Probability Angels by Joseph Devon – Impossible to Put Down!

In my experience, it’s rare that a novel transcends words on an otherwise blank page and becomes art. Probability Angels by Joseph Devon is such a book. The story itself is brilliant, about Matthew Huntington, a probability angel in training, and his experiences at slowly and painfully breaking away from all the emotional links he once had with other living people. His conscious choices to make these breaks, especially from his wife and daughter, are heartrending. The insights the author has into human nature reminded me somewhat of the works of C.S. Lewis, as profound but more down-to-earth and profane at times. It’s a novel that I believe rises easily to the level of some of the best classics of literature ever written. This is no hyperbole on my part; and, on top of everything else, it’s a self published book. I wish it the success (except more so) of another famous self published book, Walt Whitman’s “Leaves of Grass.”

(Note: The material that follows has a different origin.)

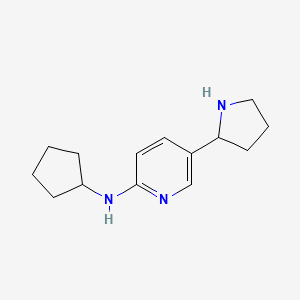 molecular formula C14H21N3 B11813297 N-Cyclopentyl-5-(pyrrolidin-2-yl)pyridin-2-amine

Much of the first part of the novel focuses on the probability angel Epp (Epictetus) and his latest trainee, a Matthew Huntington. The trainees or newbies are called “testers,” and, at first blush, seem more like devils, in that their job is to test people and push them to their limits, to see if the people will make the moral choice or succumb to temptation. But, the only way for people to grow is to be faced with tough choices, and to chose not always what might be the most comfortable or expedient choice. Sometimes the choices that cause us the most pain are the better ones in the long run.

Don’t get the idea that Probability Angels is preachy, though, or that the author is stuffy or always tries to take the moral high ground. Rather, there are some very humorous parts in the book, the characters – including the angels – often use swear words, and sometimes drink beer – and, for everyone out there who loves ’em a good book about zombies, there are zombies aplenty in Probability Angels.

Some angels who believe that Epp, the Greek ex-slave probability angel whose life ended before Christ’s began, has been a powerful force long enough, and that he and his supporters should be overthrown. They lure other probability angels to graveyards, subdue them, and feed them to zombies, who – in turn – become stronger, heal most of their defects and deformities, and become ruthless stalkers of probability angels while masquerading as them. Epp, Matthew, Kyo (a Japanese Ronin), and other probability angels need to find a way to stop the opposition -led by the probability angel Gregor (who “pushed” Bram Stoker to write Dracula, and who resembles Stoker’s description of Dracula) and his followers, like Hector and Nyx, from destroying them.

It’s true that zombies have not traditionally been a subject of works of highbrow literature, but with the popularity of books like Pride & Prejudice and Zombies, the entertaining tongue-in- cheek retelling of one of Jane Austen’s most famous novels, who knows what might be next – perhaps Moby Dick and the Great White Zombie, or Zorba the Zombie, or a remake of the Dr. Seuss childrens’ classic, Green Eggs, Ham, & Zombies.

Joseph Devon has invested a lot of time, philosophical thinking, and effort into this book, and it shows. I would say he has put some of his soul into writing Probability Angels, and that it transcends the printed page and, at its best, enters into the world of Art, like the best paintings and sculptures do. Besides the humorous moments, and the tendency of Epp and the other probability angels of calling humans “meat bags,” there are ones of intense sadness, like when Matthew is faced with the choice between life for himself, or life for his pregnant wife, and he chooses life for his wife.

Another example is when he is given the choice of following his daughter around as an angel, being with her without her ever knowing it, not being able to help when she might need it, or to cut all ties with her and his wife and to push other people to greatness, like Shakespeare was pushed, as Epp tells him: “The upside is that you can be greatness itself. You could be Shakespeare’s broken heart, Beethoven’s deaf ears, Van Gogh’s madness. You could be Kellar’s scarlet fever, Roebling’s crushed left foot, the color of Dr. King’s skin. You could be the entry for light to pass into the soul. You could be the reason the everything worth doing on this rock ever gets done.”

Reading writing as good as this made me feel, as I was reading, that if probability angels actually exist, one of them must have pushed and touched Joseph Devon’s soul, as well. He is one of the most talented and interesting authors around, and deserves to gain a larger reading audience for his work. I would highly recommend Probability Angels to everyone.